Where the records below reach the line containing "AFI Madison King", start transcribing, and end with the line containing "Beige travertine round", exactly and with nothing else added.

_DATA SHOWN_
▬▬▬▬▬▬▬▬▬▬

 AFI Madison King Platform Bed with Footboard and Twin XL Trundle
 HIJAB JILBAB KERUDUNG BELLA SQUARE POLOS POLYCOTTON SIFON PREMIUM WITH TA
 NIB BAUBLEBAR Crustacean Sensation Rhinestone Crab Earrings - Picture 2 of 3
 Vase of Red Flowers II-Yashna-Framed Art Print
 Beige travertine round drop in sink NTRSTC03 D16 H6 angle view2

▬▬▬▬▬▬▬▬▬▬

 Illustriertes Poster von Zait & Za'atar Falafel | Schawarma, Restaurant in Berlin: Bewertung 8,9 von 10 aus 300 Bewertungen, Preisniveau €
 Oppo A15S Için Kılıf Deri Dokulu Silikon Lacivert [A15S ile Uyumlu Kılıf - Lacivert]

▬▬▬▬▬▬▬▬▬▬

_SOLUTION FOR THIS TASK_
 AFI Madison King Platform Bed with Footboard and Twin XL Trundle
 HIJAB JILBAB KERUDUNG BELLA SQUARE POLOS POLYCOTTON SIFON PREMIUM WITH TA
 NIB BAUBLEBAR Crustacean Sensation Rhinestone Crab Earrings - Picture 2 of 3
 Vase of Red Flowers II-Yashna-Framed Art Print
 Beige travertine round drop in sink NTRSTC03 D16 H6 angle view2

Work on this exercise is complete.